Would you copy out, exactly as written, each line from the one containing "Shellys Stones and Shells" to the end of the records below?

_EXTRACTED DATA_
%%

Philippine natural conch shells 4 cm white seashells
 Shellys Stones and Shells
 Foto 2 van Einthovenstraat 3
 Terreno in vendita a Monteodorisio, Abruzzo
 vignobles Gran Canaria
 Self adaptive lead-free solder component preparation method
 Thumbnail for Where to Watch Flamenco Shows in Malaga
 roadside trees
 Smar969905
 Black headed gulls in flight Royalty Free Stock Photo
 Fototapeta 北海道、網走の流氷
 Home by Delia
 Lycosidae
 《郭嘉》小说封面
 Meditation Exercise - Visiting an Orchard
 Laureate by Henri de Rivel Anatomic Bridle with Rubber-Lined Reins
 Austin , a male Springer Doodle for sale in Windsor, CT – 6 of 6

%%

_SOLUTION BELOW_
 Shellys Stones and Shells
 Foto 2 van Einthovenstraat 3
 Terreno in vendita a Monteodorisio, Abruzzo
 vignobles Gran Canaria
 Self adaptive lead-free solder component preparation method
 Thumbnail for Where to Watch Flamenco Shows in Malaga
 roadside trees
 Smar969905
 Black headed gulls in flight Royalty Free Stock Photo
 Fototapeta 北海道、網走の流氷
 Home by Delia
 Lycosidae
 《郭嘉》小说封面
 Meditation Exercise - Visiting an Orchard
 Laureate by Henri de Rivel Anatomic Bridle with Rubber-Lined Reins
 Austin , a male Springer Doodle for sale in Windsor, CT – 6 of 6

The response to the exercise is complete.